For the 1st step let's create the directory where we will store .txt files with gene names and call it gene_names

Input

mkdir data/part_1/gene_names/

Now we will reconstruct the phylogeny 2 times:

  1. Only on CYTB protein.
  2. On every protein.

CYTB phylogeny

Extract the CYTB gene names from each file we have.
And write it to the CYTB_names.txt file.

Input

grep CYTB data/part_1/mitochondrions_renamed_final/*mt_prots.fa --no-filename | cut -c2- > data/part_1/gene_names/CYTB_names.txt

Now let's chek the CYTB_names.txt file.

Input

head -10 data/part_1/gene_names/CYTB_names.txt

Output

Canis_lupus_familiaris_CYTB
Equus_caballus_CYTB
Felis_catus_CYTB
Macaca_mulatta_CYTB
Marmota_marmota_CYTB
Mus_musculus_CYTB
Mus_spretus_CYTB
Myotis_lucifugus_CYTB
Ornithorhynchus_anatinus_CYTB
Ovis_aries_CYTB

Excellent! Now let's extract CYTB sequences only!

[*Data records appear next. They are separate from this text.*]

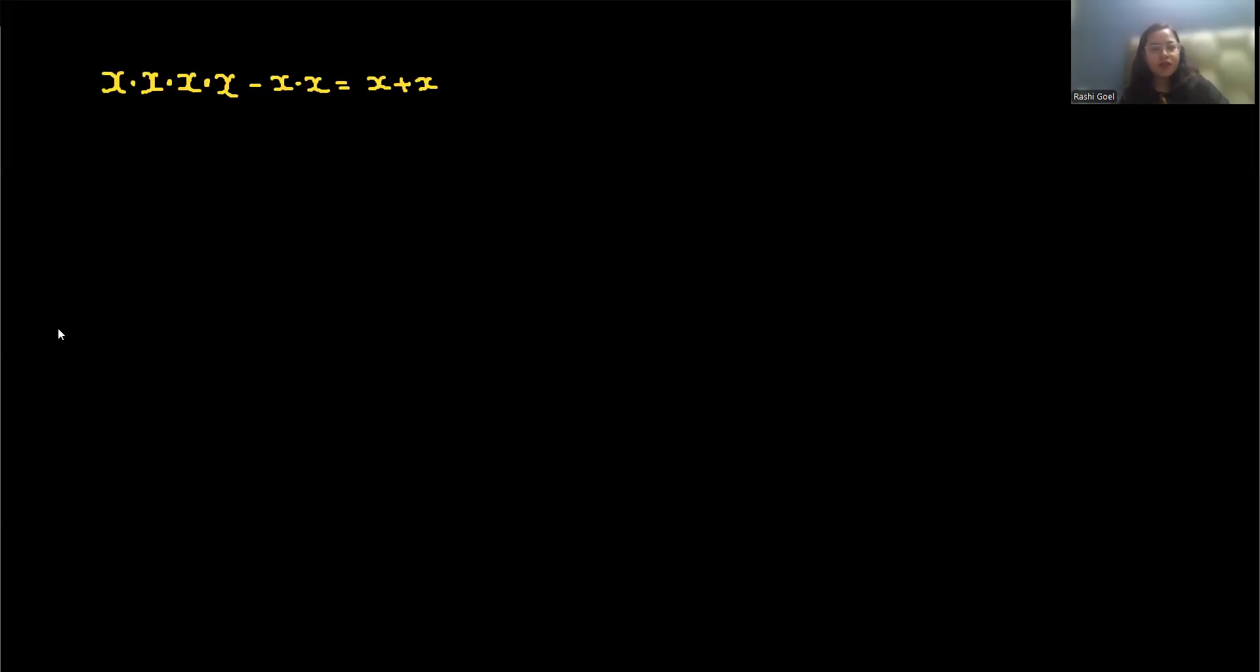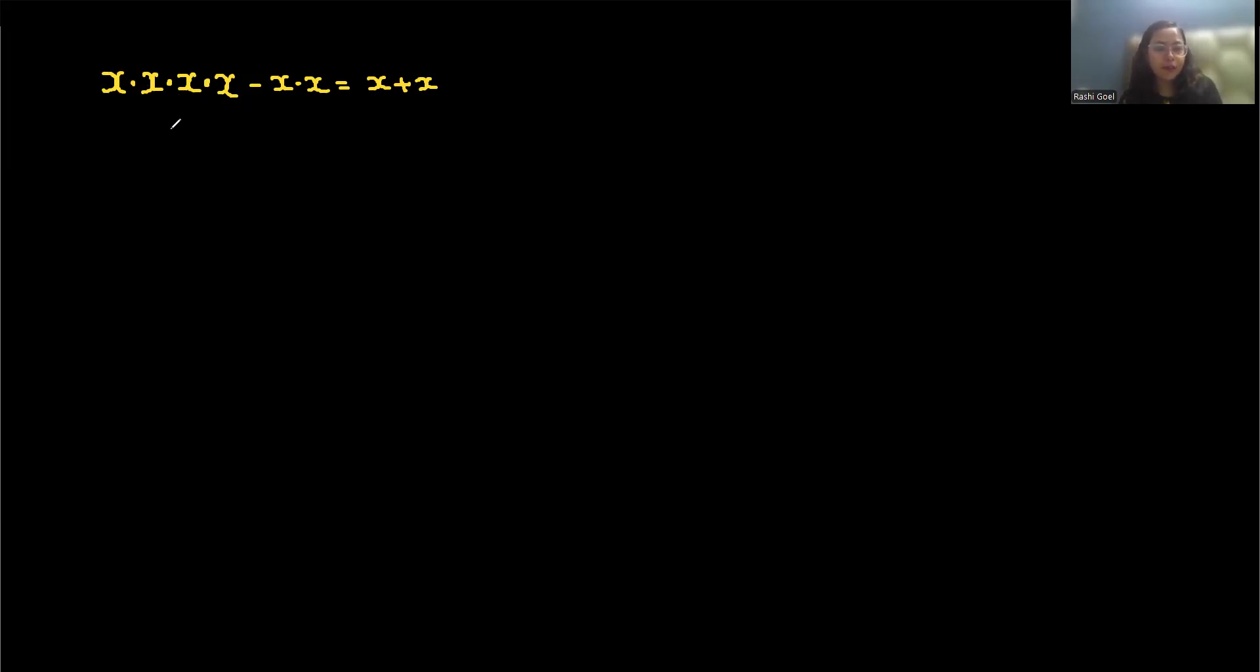Hello everyone, welcome to my channel. We have given x times x times x times x minus x times x equals x plus x. So x to the fourth power minus x squared equals 2x. Let's crack it.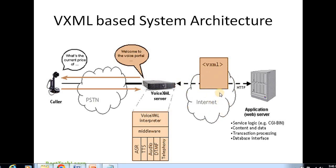After establishing a VXML connection, it connects to the internet-style network — a TCP/IP-based packet network. This network connects to the application server via HTTP, which is the main protocol used for this communication.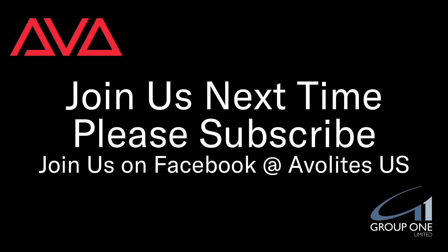So that has been recording a cue list in version 15 of Titan. I hope you learned something. Please subscribe and join us next time. Thanks. Bye.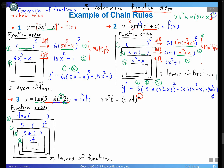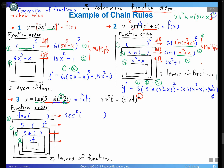Even with 4 layers, the guideline is the same — differentiate each layer separately and multiply together. Differentiate tangent: sec²(5 - sin²(2t)). Leave inside the same. Then differentiate (5 - sin²(2t)): the constant 5 vanishes, power rule on (-sin²) gives -2·sin(2t), keeping inside the same.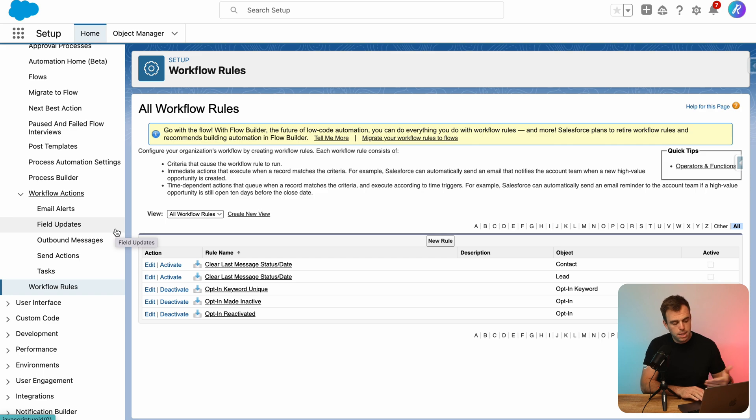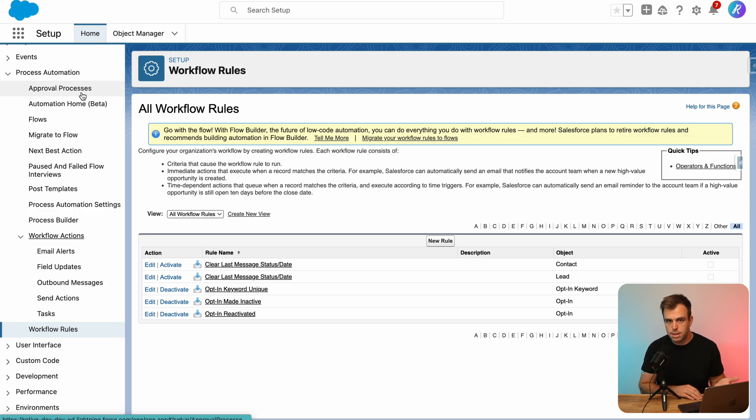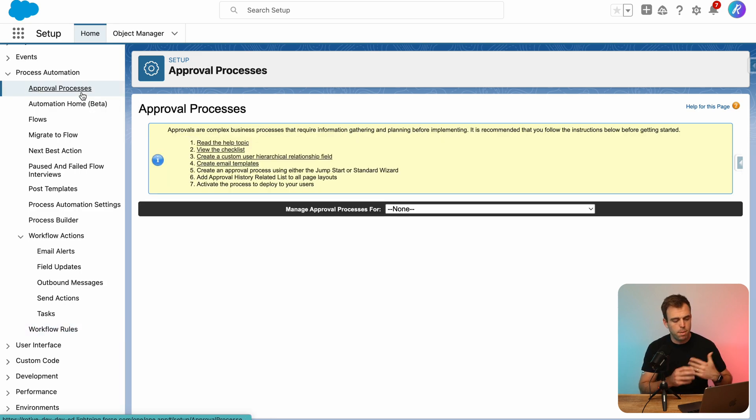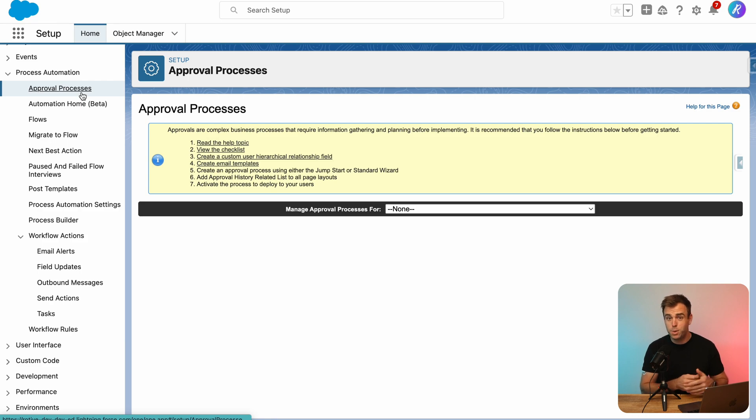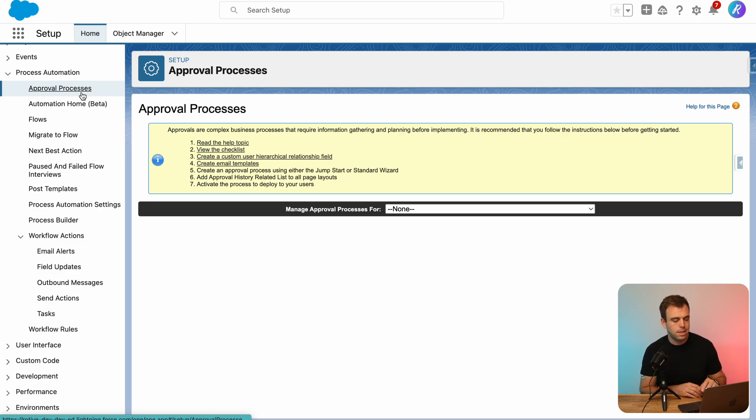And some of these other actions here could be useful if you're still creating approval processes within Salesforce. Approval processes aren't a general purpose automation tool, they have a specific use case, the interface is a little bit old, and it does take advantage of these workflow actions as well.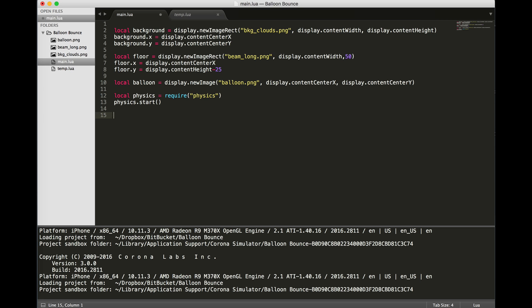Now let's add the graphics and make them into physics objects. This is a very simple command. Physics.addBody. We're going to add the balloon object and give it a bounce of 0.3. Bounce is usually a number between 0 and 1. Zero meaning it has no bounce. One meaning the energy going into the collision will have the same amount of energy coming back out of it. If you go more than 1, it actually has more energy coming out of the collision than went into it. At this point, we've got 0.3, so it'll return 30% of the energy that went into the bounce.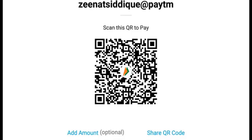Guys, if you like my videos, my concepts, and my hard work, and you want to contribute, you can scan this QR code. I don't have earnings from YouTube, so if you want new videos, you can support me through this QR code. I will stay motivated and bring new concepts for you.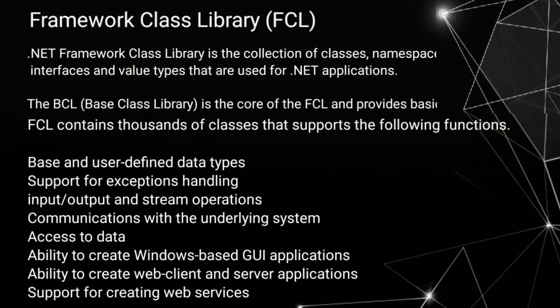Ability to create Windows-based GUI application. Ability to create web client and service application support for creating web services.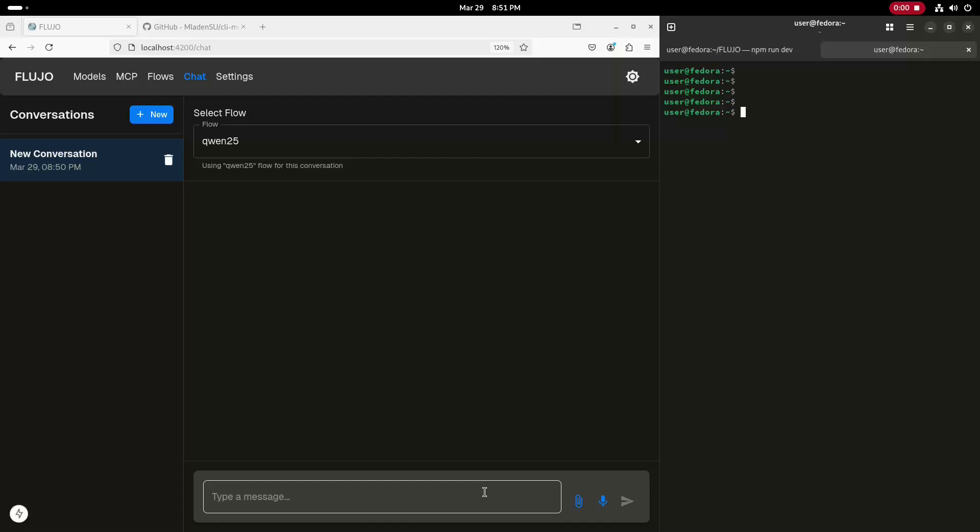In this video, I'll show a demo of using the Model Context Protocol, or MCP, to enable an LLM model to interact with the command line on a Fedora Linux system.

For that we will create a directory called mt_genes and there will be 2 sub-directories:

  1. sep - there will be stored 12 genes separately for each one of the species we are working with.
  2. merged - there will be stored a merged .fasta file with 12 genes in 1 file.

Input

mkdir data/part_1/mt_genes/
mkdir data/part_1/mt_genes/sep/
mkdir data/part_1/mt_genes/merged/

Now we extract CYTB gene sequences from the species mitochondrions using BBMap and previously created CYTB_names.txt file.

Input

%%bash

for file in data/part_1/mitochondrions_renamed_final/*.mt_prots.fa
do bbmap/filterbyname.sh in=$file out=data/part_1/mt_genes/sep/$(basename "$file" .mt_prots.fa).CYTB.aa.fa include=t names=data/part_1/gene_names/CYTB_names.txt overwrite=true ignorejunk=true
done

Merge 12 separate sequences to 1 .fasta file with 12 sequences!

Input

cat data/part_1/mt_genes/sep/*CYTB.aa.fa > data/part_1/mt_genes/merged/CYTB.aa.fa

Now let's align 12 CYTB gene sequences!
For that let's create the mt_aligns directory.

Input

mkdir data/part_1/mt_aligns/

Now let's do the alignment with MAFFT.

Input

mafft --auto data/part_1/mt_genes/merged/CYTB.aa.fa > data/part_1/mt_aligns/CYTB.aa.aln

Done!
And the final step - phylogeny reconstruction with IQ-TREE!
For that let's create another directory to store tree files.

Input

mkdir data/part_1/CYTB_tree/

Run the IQ-TREE!

Input

iqtree2 -s data/part_1/mt_aligns/CYTB.aa.aln --prefix data/part_1/CYTB_tree/CYTB -alrt 1000 -abayes -o Ornithorhynchus_anatinus_CYTB,Vombatus_ursinus_CYTB --redo

Now let's make the directory to store all the images.

Input

mkdir imgs

And finally let's visualize the tree with ggtree in R!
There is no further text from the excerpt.